Perajin Tanduk Dari Tenggara Kota Yogya

 

Terletak di Sudut Tenggara Kota Yogyakarta, Kotagede yang terkenal dengan beragam kerajinan tradisionalnya. Salah satu yang masih bertahan adalah kerajinan dari tanduk. Bahkan hanya ada satu-satunya yang ada di Kotagede.

Dia adalah Harto Mulyono,warga RT 07, RW 03, Kampung Gedongan, Kelurahan Purbayan, Kecamatan Kotagede, Kota Yogyakarta. Ia memulai kerajinan tanduk tersebut sudah sejak tahun 1952.

Walaupun di jaman yang sudah modern seperti sekarang, namun Pak Harto, sapaan akrabnya, tetap bertahan menggunakan peralatan tradisional.“Saya juga punya alat modern tapi itu saya anggap sebagai pelengkap kerja saja” katanya.

Pria 76 tahun tersebut menceritakan untuk menghasilkan produk yang berkualitas bagus dan awet, Ia hanya menggunakan tanduk dari kerbau dan tanduk sapi (Sapi metal dan sapi bali).

Ia menuturkan tanduk kerbau biasanya memiliki harga yang lebih mahal karena tanduk kerbau memiliki kualitas yang lebih bagus dan bahan lebih sulit didapat. Tanduk-tanduk tersebut berasal dari, Bali, Sumatra, Jawa Timur.

“Sedangkan tanduk yang berasal dari binatang lain seperti tanduk kambing dan rusa sangat sulit untuk diolah, dikarenakan mengandung zat kapur yang tinggi sehingga tanduk tersebut menjadi keras dan mudah patah bila dibengkokkan” kata bapak lima anak dan lima cucu tersebut.
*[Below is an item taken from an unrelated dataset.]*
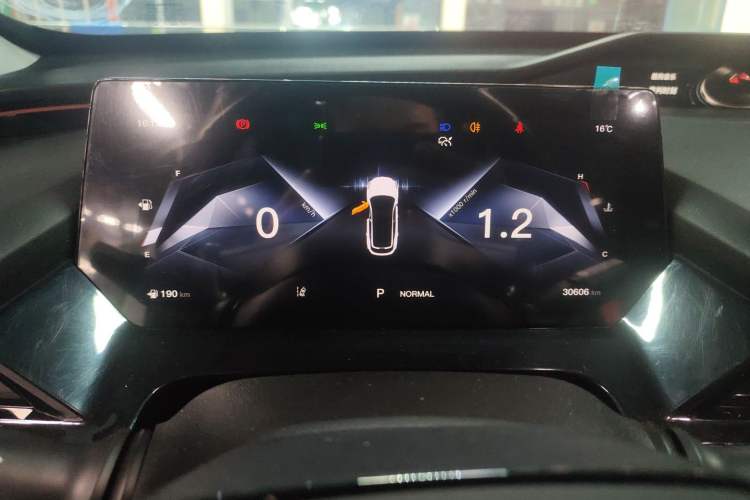 Used CHANGAN OSHAN Z6 2022 Blue Whale 1.5T DCT Smart Edition Instrument Cluster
Walaupun tanduk-tanduk tersebut berasal dari Bali, Sumatra, dan Jawa Timur, namun Ia biasanya membeli tanduk tersebut di Dusun Kuwel, Klaten, Jawa Tengah.

“Saya sudah dari dulu berlangganan disana, di Kuwel memang banyak pengrajin tanduk seperti saya, untuk satu kilo tanduk saya beli dengan harga Rp 50.000” katanya.
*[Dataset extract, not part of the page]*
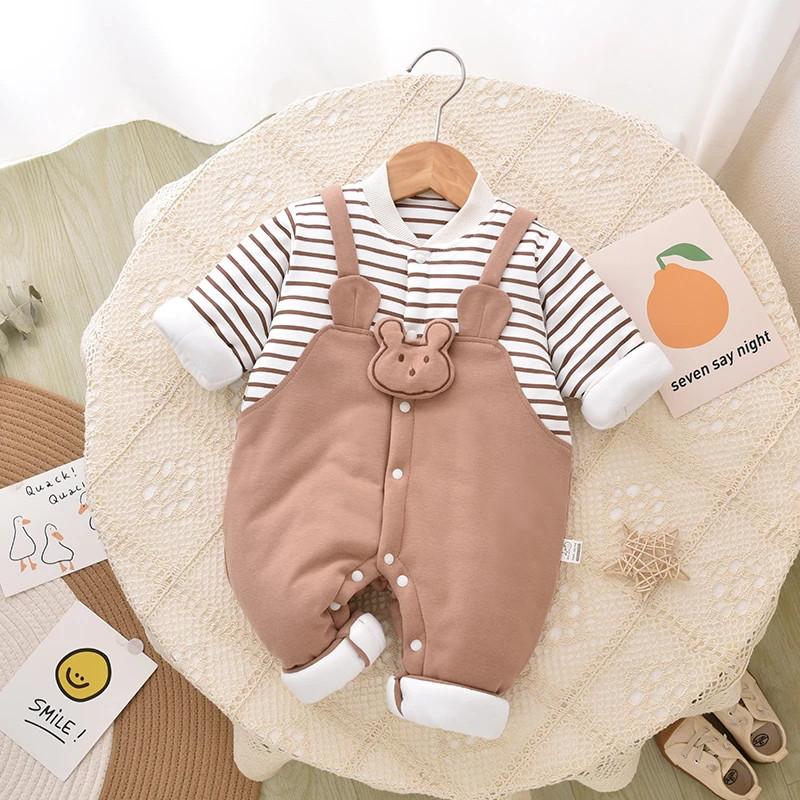 婴儿夹棉可爱长袖连体衣秋冬季新生儿保暖棉衣外出服宝宝秋冬装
Ia menjelaskan untuk menghasilkan kerajinan tanduk, prosesnya adalah tanduk dipotong sesuai bentuk benda yang akan dibuat. Selanjutnya tanduk dipanaskan agar mudah dibentuk. Setelah itu ditekan agar sesuai dengan bentuk yang diinginkan. Tanduk kemudian diasah agar halus dan mengkilap.

Ia memberi contoh pembutan alam pemijat punggung, pertama tanduk dibelah dan di bakar agar lembut, kemudian di pres sehingga menjadi lempengan lurus. Barulah setelah itu dibuat pola sesuai pesanan dan dipotong dengan gergaji.

“Setelah itu dihaluskan dengan alat kikir baru dibakar lagi sebelum dicetak. Pola gagang dibuat jika bentuk kasar sudah jadi” ungkapnya.

Untuk membuat pola, lanjutnya, biasanya dengan menjepit di tanggem. Setelah digergaji mengikuti pola, alat pemijat punggung yang sudah jadi dikerok seluruh permukaannya untuk menghilangkan sisa kulit tanduk kasar.

“Kemudian dihaluskan dengan menggunakan ampelas. Untuk menimbulkan warna mengkilat, centong dipole” katanya.

Ia menambahkan bahwa tidak ada bahan kimia sedikit pun yang ia gunakan dalam memproses kerajinan tanduknya.“Benar-benar alami, sesuai warna asli tanduknya.”tambahnya.

Saat ditanya terkait tingkat permintaan kerajinan tanduk di pasaran saat ini, ia mengaku bahwa pada tahun 1990 mengalami masa keemasan. Namun, seiring berjalannya waktu, kerajinan tersebut mulai sedikit peminatnya.

“Dahulu saya bisa mengkaryakan sampai 20 pegawai, namun saat ini saya hanya mempunyai satu pegawai, itupun tidak setiap hari saya panggil, karena terkadang saya selama seminggu tidak ada pesanan sama sekali” ujarnya.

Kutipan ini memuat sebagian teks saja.